Work required.
Every entry must appear in the answer exactly as written.

[Brief descriptive captions]
______

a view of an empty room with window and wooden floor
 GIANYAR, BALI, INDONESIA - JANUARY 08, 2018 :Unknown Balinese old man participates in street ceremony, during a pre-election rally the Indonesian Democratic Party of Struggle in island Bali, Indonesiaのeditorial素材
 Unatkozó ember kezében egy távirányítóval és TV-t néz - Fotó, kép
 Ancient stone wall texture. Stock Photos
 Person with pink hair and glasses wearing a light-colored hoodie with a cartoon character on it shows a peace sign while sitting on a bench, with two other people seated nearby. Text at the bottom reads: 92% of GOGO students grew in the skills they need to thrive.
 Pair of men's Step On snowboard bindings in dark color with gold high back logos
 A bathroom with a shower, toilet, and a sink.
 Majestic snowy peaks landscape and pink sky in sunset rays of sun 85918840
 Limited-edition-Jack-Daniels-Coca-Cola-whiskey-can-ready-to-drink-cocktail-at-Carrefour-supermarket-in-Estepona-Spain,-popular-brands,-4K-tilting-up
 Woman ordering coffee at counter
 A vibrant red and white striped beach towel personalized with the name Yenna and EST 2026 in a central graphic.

______

Worked solution.
a view of an empty room with window and wooden floor
 GIANYAR, BALI, INDONESIA - JANUARY 08, 2018 :Unknown Balinese old man participates in street ceremony, during a pre-election rally the Indonesian Democratic Party of Struggle in island Bali, Indonesiaのeditorial素材
 Unatkozó ember kezében egy távirányítóval és TV-t néz - Fotó, kép
 Ancient stone wall texture. Stock Photos
 Person with pink hair and glasses wearing a light-colored hoodie with a cartoon character on it shows a peace sign while sitting on a bench, with two other people seated nearby. Text at the bottom reads: 92% of GOGO students grew in the skills they need to thrive.
 Pair of men's Step On snowboard bindings in dark color with gold high back logos
 A bathroom with a shower, toilet, and a sink.
 Majestic snowy peaks landscape and pink sky in sunset rays of sun 85918840
 Limited-edition-Jack-Daniels-Coca-Cola-whiskey-can-ready-to-drink-cocktail-at-Carrefour-supermarket-in-Estepona-Spain,-popular-brands,-4K-tilting-up
 Woman ordering coffee at counter
 A vibrant red and white striped beach towel personalized with the name Yenna and EST 2026 in a central graphic.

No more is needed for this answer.